[SUPPLIED RECORDS — start]
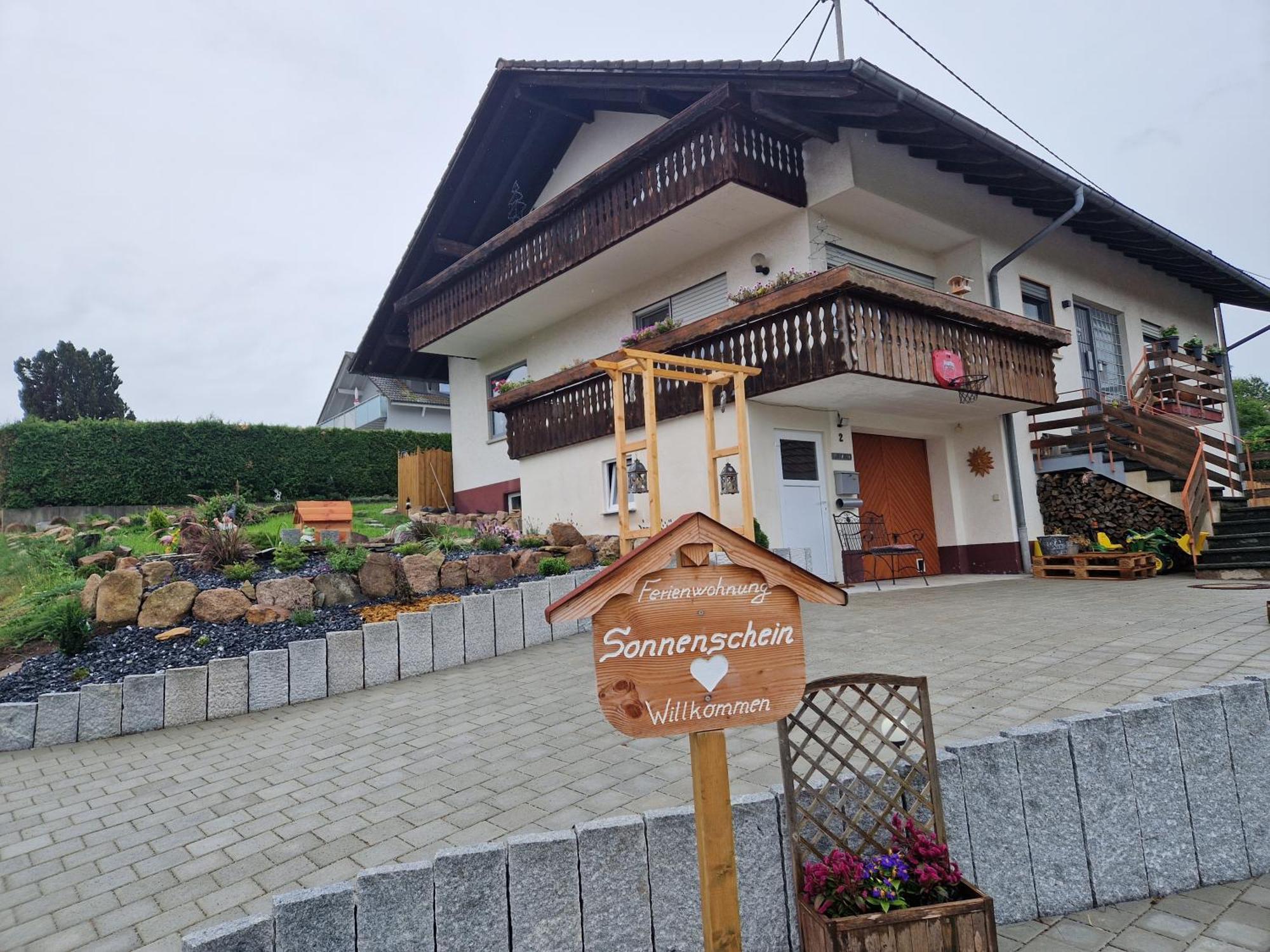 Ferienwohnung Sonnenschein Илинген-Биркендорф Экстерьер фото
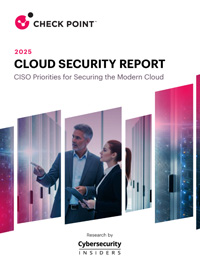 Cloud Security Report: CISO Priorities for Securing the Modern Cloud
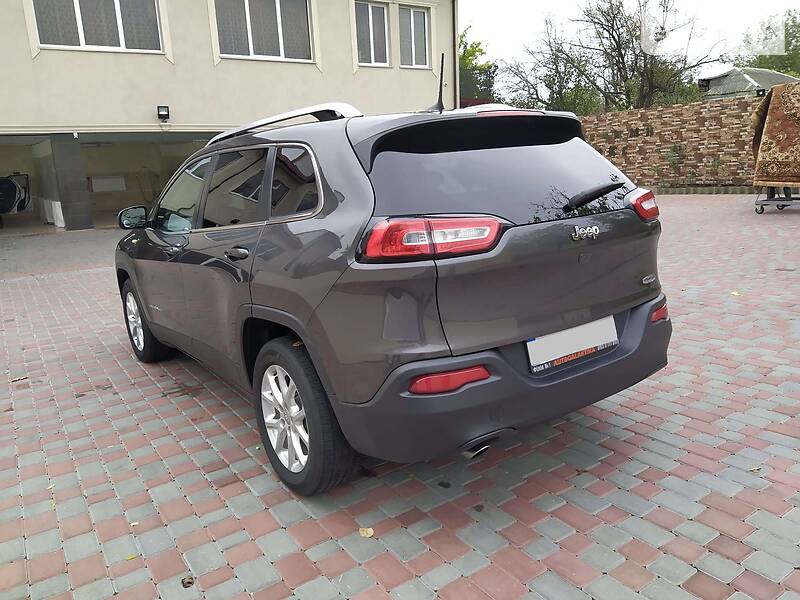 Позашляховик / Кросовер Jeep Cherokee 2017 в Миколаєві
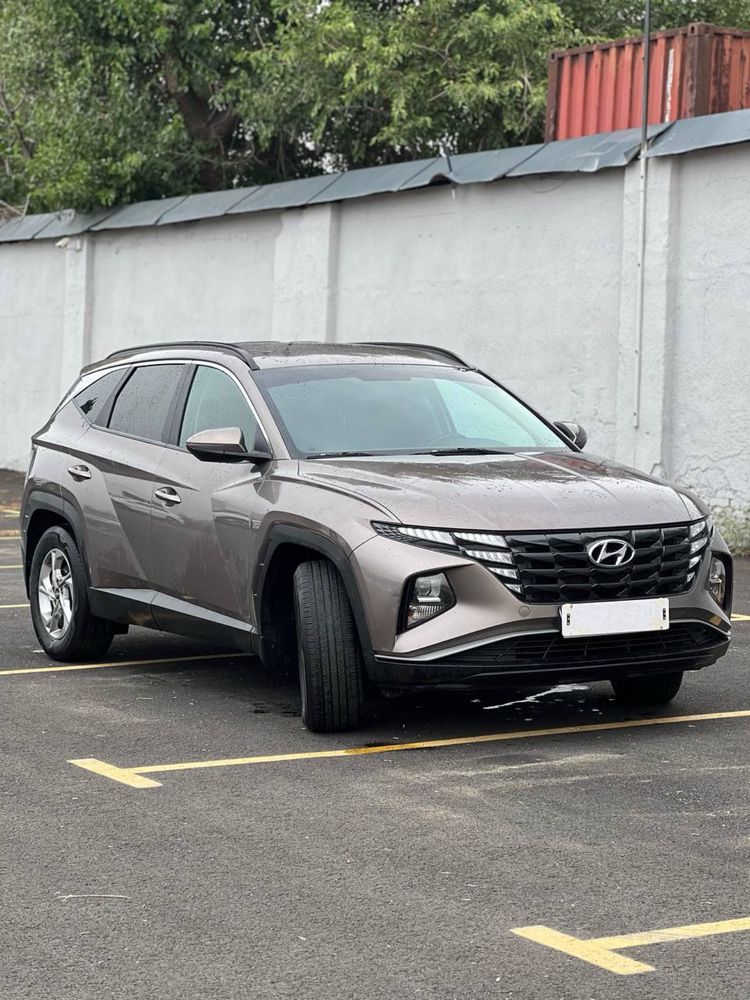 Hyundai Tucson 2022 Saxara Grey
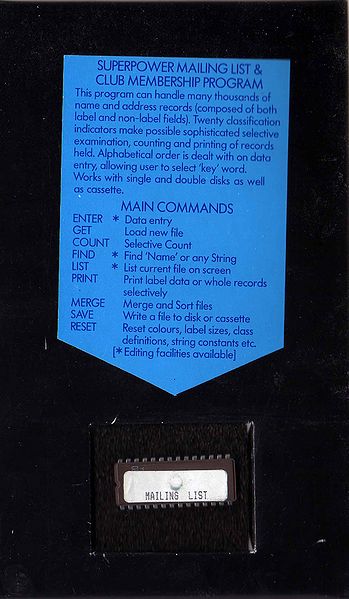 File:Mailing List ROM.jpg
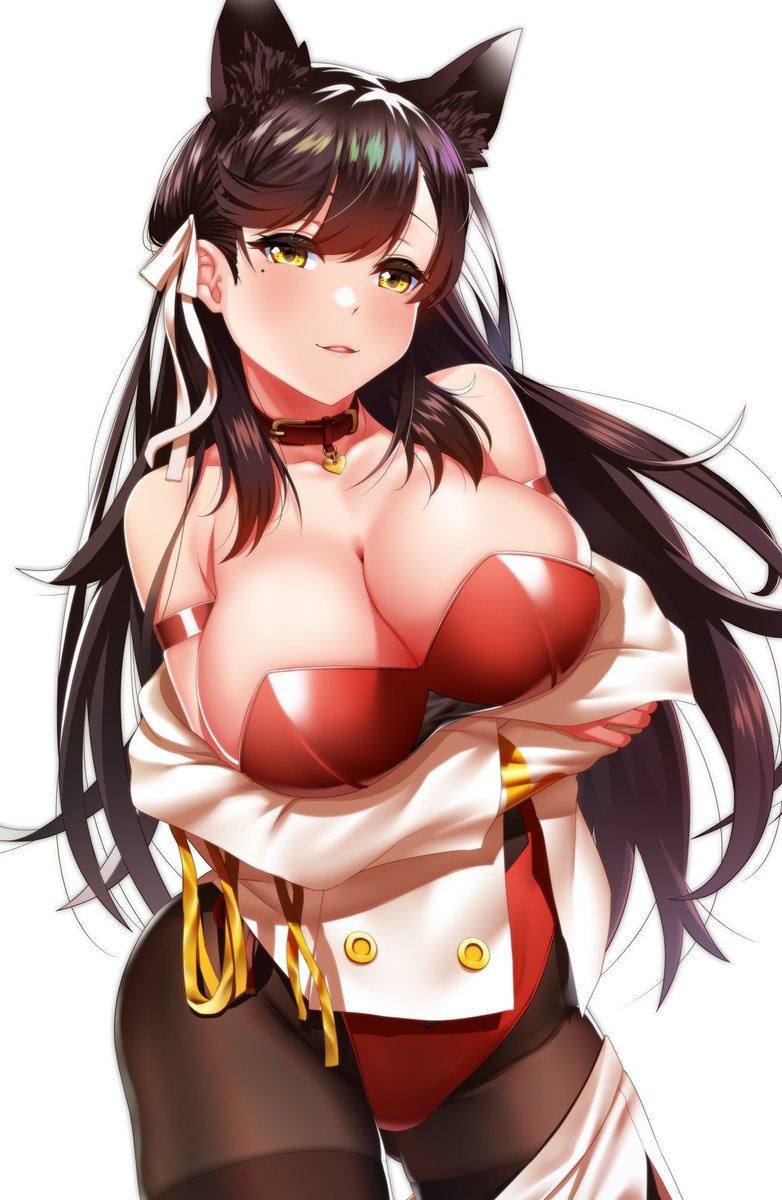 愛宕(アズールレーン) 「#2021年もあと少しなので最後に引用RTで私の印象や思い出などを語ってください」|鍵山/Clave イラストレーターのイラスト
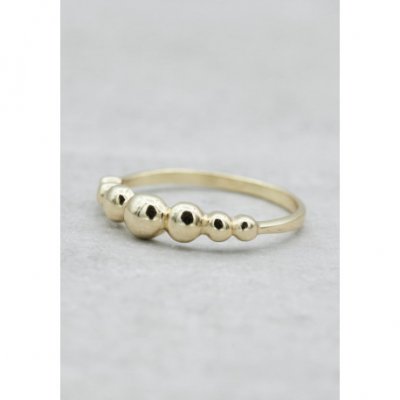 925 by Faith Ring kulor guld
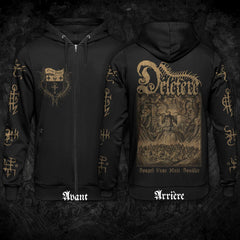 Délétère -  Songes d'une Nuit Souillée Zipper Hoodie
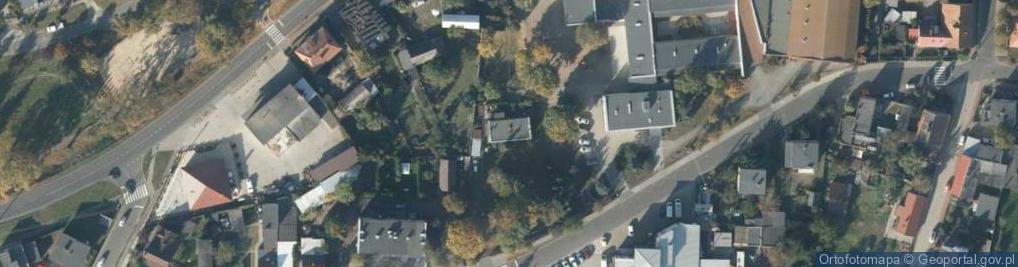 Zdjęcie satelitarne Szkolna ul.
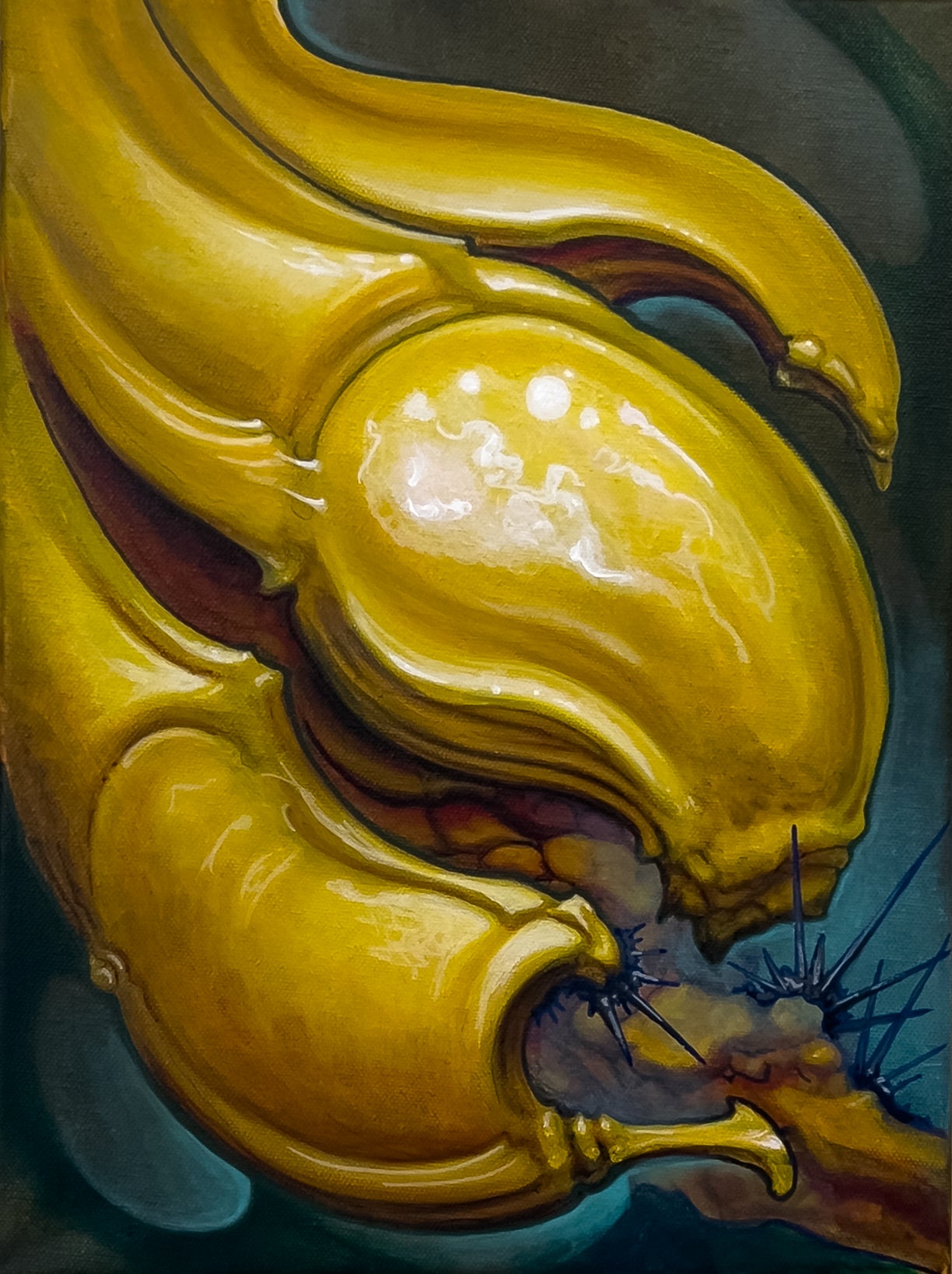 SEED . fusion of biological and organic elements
[SUPPLIED RECORDS — finish]
Leave the images out and give the rest of the data again exactly.

 Ferienwohnung Sonnenschein Илинген-Биркендорф Экстерьер фото
 Cloud Security Report: CISO Priorities for Securing the Modern Cloud
 Позашляховик / Кросовер Jeep Cherokee 2017 в Миколаєві
 Hyundai Tucson 2022 Saxara Grey
 File:Mailing List ROM.jpg
 愛宕(アズールレーン) 「#2021年もあと少しなので最後に引用RTで私の印象や思い出などを語ってください」|鍵山/Clave イラストレーターのイラスト
 925 by Faith Ring kulor guld
 Délétère -  Songes d'une Nuit Souillée Zipper Hoodie
 Zdjęcie satelitarne Szkolna ul.
 SEED . fusion of biological and organic elements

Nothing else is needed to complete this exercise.